You can follow along the setup.ipynb notebook as well. Here are the core steps:
import baseten
import truss
baseten.login('BASETEN_API_KEY')
my_packaged_model = truss.load('imagebind-baseten-truss/imagebind_serializable_truss/')
baseten.deploy(
my_packaged_model,
model_name='imageBind',
# publish=True, # Uncomment to skip the draft stage
)
After you deploy, the console output will include a model version id. You could also get this from baseten's website under your deployed models. We take this version id and use it to retrieve the model endpoint from Baseten.
# Retrieve the uploaded model endpoint from baseten
model = baseten.deployed_model_version_id('<model_version_id>')
Recall that we had recieved our model version ID from our deployment. We use that ID again to retrieve the model endpoint.
# Retrieve the uploaded model endpoint from baseten
model = baseten.deployed_model_version_id('<model_version_id>')

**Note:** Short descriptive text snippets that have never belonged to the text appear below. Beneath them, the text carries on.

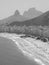 Two brothers mountain and the Gavea, with copacabana beach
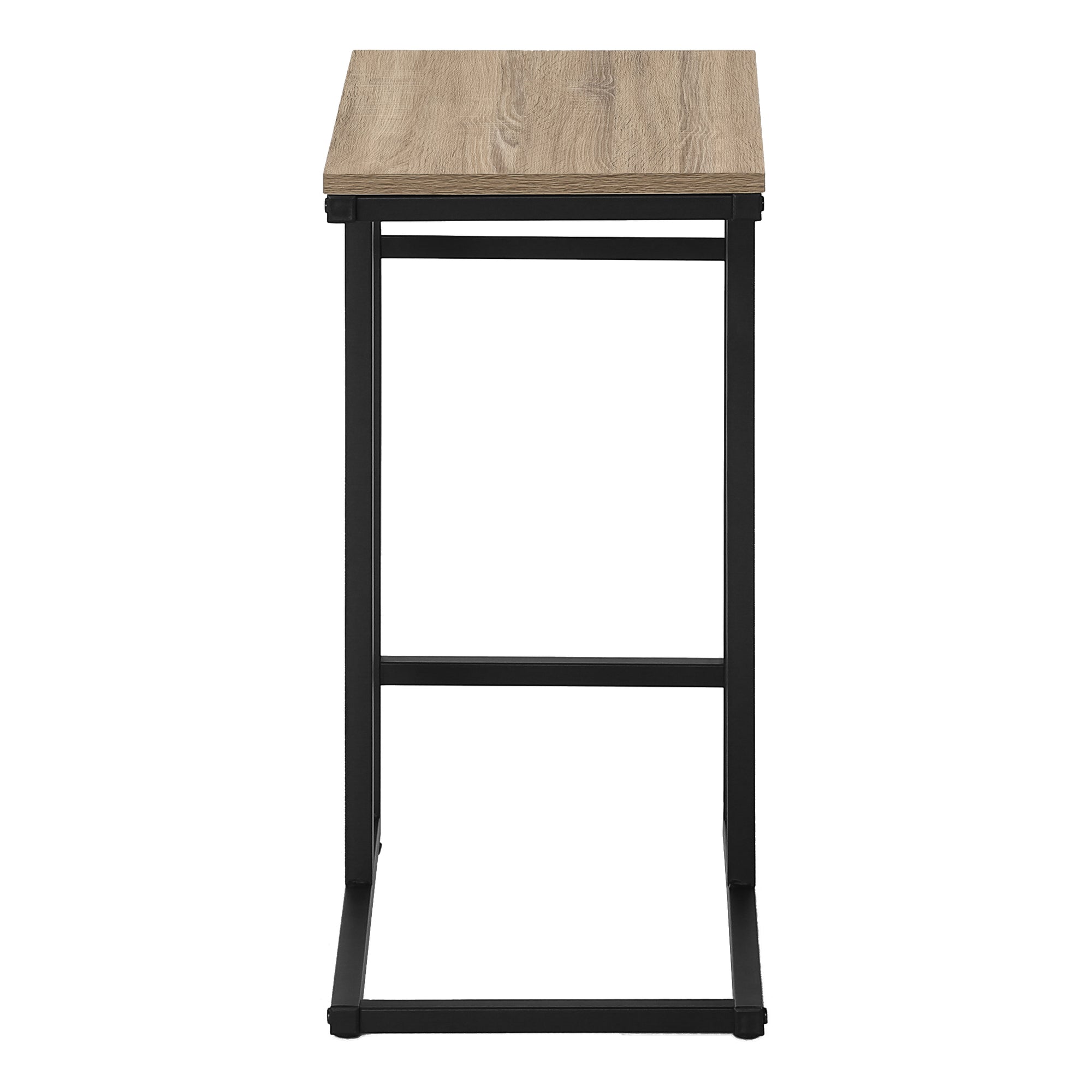 C-Shape Side Table - 24"H Black-Accent Table-DECOROLALA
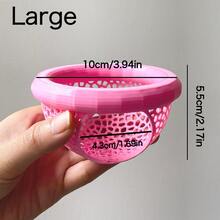 1pc 3D Printed PLA Material Betta Fish Resting Floating Bed, Mini Cave And Fish Hammock, Small Fish Feeding Ring, Aquarium Mesh Decorative Accessory - A - View 17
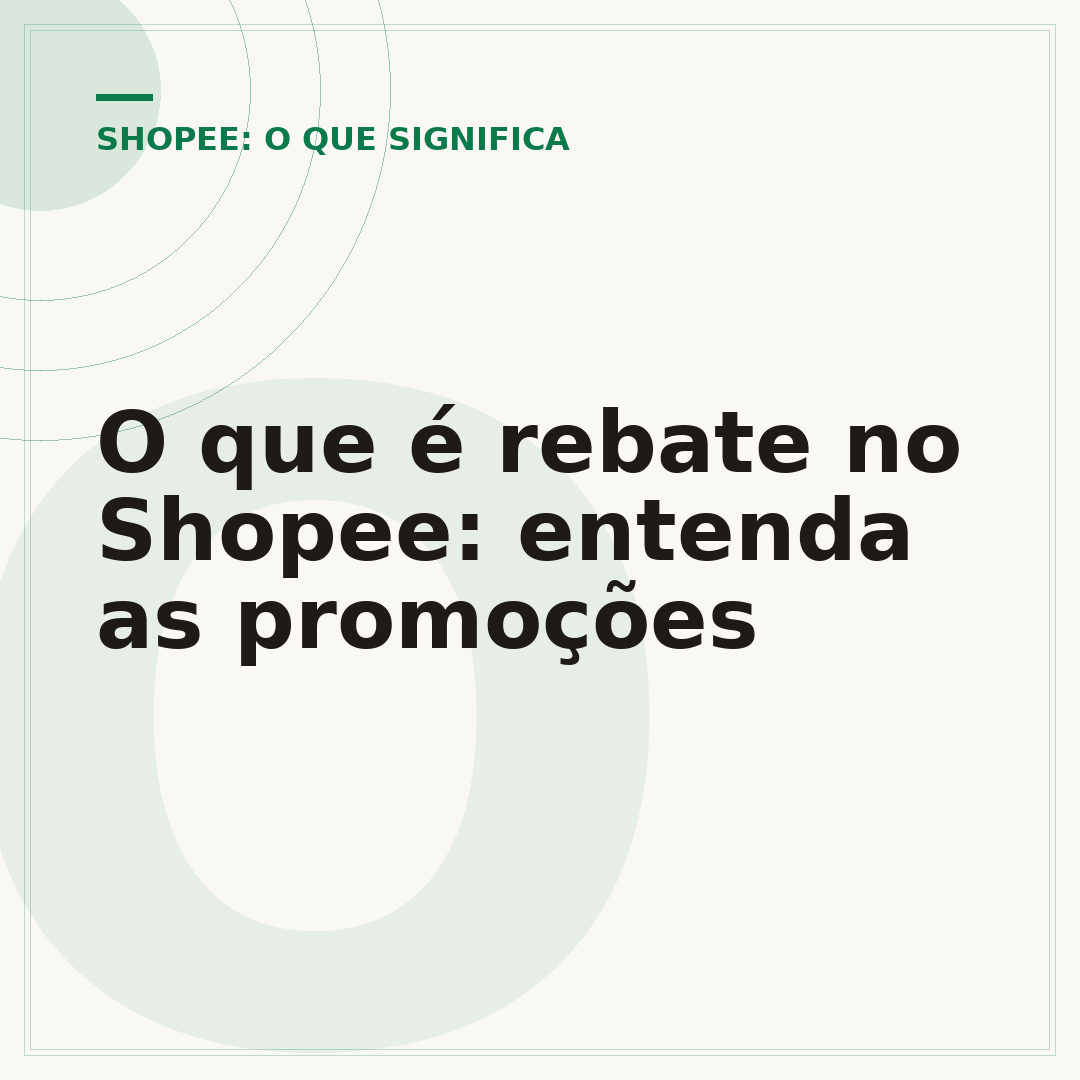 O que é rebate no Shopee: entenda as promoções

Then, we have a suite of helper functions to be able to convert images or audio files into a JSON-Serializable format. This is necessary because Baseten only takes JSON-Serializable format as input. ImageBind is a multimodal modal that could take text, vision, or audio modalities, so converting each to a base64 string makes it straightforward.
import base64
from PIL import Image
from pydub import AudioSegment
import io
def image_paths_to_base64_strings(image_paths: list[str]) -> list[str]:
"""
Convert a list of image paths to a list of Base64 encoded strings.
Parameters:
- image_paths (list[str]): List of paths to the images.
Returns:
list[str]: List containing Base64 encoded strings of images.
"""
image_base64_strings = []
for path in image_paths:
with Image.open(path) as img:
binary_io = io.BytesIO()
img.save(binary_io, format="PNG") # You can change the format if needed
base64_encoded = base64.b64encode(binary_io.getvalue()).decode('utf-8')
image_base64_strings.append(base64_encoded)
return image_base64_strings
def audio_paths_to_base64_strings(audio_paths: list[str]) -> list[str]:
"""
Convert a list of audio paths to a list of Base64 encoded strings.
Parameters:
- audio_paths (list[str]): List of paths to the audio files.
Returns:
list[str]: List containing Base64 encoded strings of audio files.
"""
audio_base64_strings = []
for path in audio_paths:
audio = AudioSegment.from_file(path)
binary_io = io.BytesIO()
audio.export(binary_io, format="wav") # You can change the format if needed
base64_encoded = base64.b64encode(binary_io.getvalue()).decode('utf-8')
audio_base64_strings.append(base64_encoded)
return audio_base64_strings
Then finally, you can get the embeddings from ImageBind using the following structure.
text_list = ["cat meowing"]
image_paths = ["testing_data/cat.jpeg"]
audio_paths = ["testing_data/meow.mp3"]
json_serializable_input = {
"text" : text_list,
"vision" : image_paths_to_base64_strings(image_paths),
"audio" : audio_paths_to_base64_strings(audio_paths)
}
model.predict(json_serializable_input)
Have fun!